Virgil (Edmond Mercier) is an old man of indeterminate age living out his years in an isolated cabin deep in the woods. Each day’s routine is very much the same as he wakes, puts coffee on to percolate, fetches his paper from the end of the lane and makes breakfast. Each day he wears virtually the same clothes, each day he eats virtually the same meal. Virgil’s life is a simple and lonely existence with little outside interference or interaction until one day when a dark shadow enters his world. While pursuing his errant cat Virgil witnesses what appears to be the murder of a young girl in the woods. Startled and alarmed he runs back to his cabin and immediately contacts the authorities, all the while afraid he has been seen by the killer. After an exhaustive search from the police and local volunteers no evidence is discovered and Virgil must return to his dull existence. Only then does he begin to suffer nightmares and visions, apparently from the dead child that urge him to investigate the supposed crime himself.
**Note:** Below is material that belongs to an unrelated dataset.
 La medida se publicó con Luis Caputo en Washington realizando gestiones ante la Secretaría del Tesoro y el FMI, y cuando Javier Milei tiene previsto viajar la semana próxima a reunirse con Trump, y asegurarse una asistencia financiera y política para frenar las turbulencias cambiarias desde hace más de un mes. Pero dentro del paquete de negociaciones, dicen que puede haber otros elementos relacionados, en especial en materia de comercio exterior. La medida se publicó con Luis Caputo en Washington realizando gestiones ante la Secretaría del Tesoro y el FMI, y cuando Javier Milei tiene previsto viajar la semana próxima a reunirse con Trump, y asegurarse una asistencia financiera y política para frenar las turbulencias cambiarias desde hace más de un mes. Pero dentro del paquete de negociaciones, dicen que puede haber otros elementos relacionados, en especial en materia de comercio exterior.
The first two acts of Soft For Digging are examples of extreme restraint and subtlety. Virgil’s life is clearly and expertly defined by the lack of action or meaningful events that occur around him. Everything is precisely shown with little or no fuss. The film shows him preparing for Christmas in scenes that are both heart-warming and deeply sad, as all the while you know he will be alone. All this is done without the use of dialogue relying solely in Virgil’s expressions and the imagery shown around him. More than anything else this the film’s great strength and also its weakness. There is so little dialogue at all that when it does eventually come it takes something away from the atmosphere that has been created. The audience becomes so accustomed, so in sync with the silence broken only by a very basic piano track that any dialogue at all almost seems to break the spell that Petty has spent so long creating. While there are things that possibly couldn’t be explained any other way, when the characters speak I almost sighed with disappointment.
The story itself is almost secondary to the lead performance, although when the nature of the events are finally revealed they do come as something of a surprise. Mercier plays his role with genuine restrained emotion that superbly conveys the isolation and inherent sadness of the character. He clings on to the memory of what he saw with a fervour that contrasts with his ordered and serene lifestyle, and ultimately leads him into danger. The strength of this performance however brings into clear view the weakness of the supporting cast who offer little to the story and appear shallow and unconvincing when required to perform. While the necessity for some exposition is certain this is never delivered with any sincerity or gravity and falls a little flat.
In the end Soft For Digging is impressive for two thirds of its running time. It is an exploration into the desolation, and desperation, that can affect anyone but when you would expect a more profound and impactful finale it fails to deliver. Worth watching for the strength of performance and the softness of the direction but unfortunately is ultimately somewhat disappointing.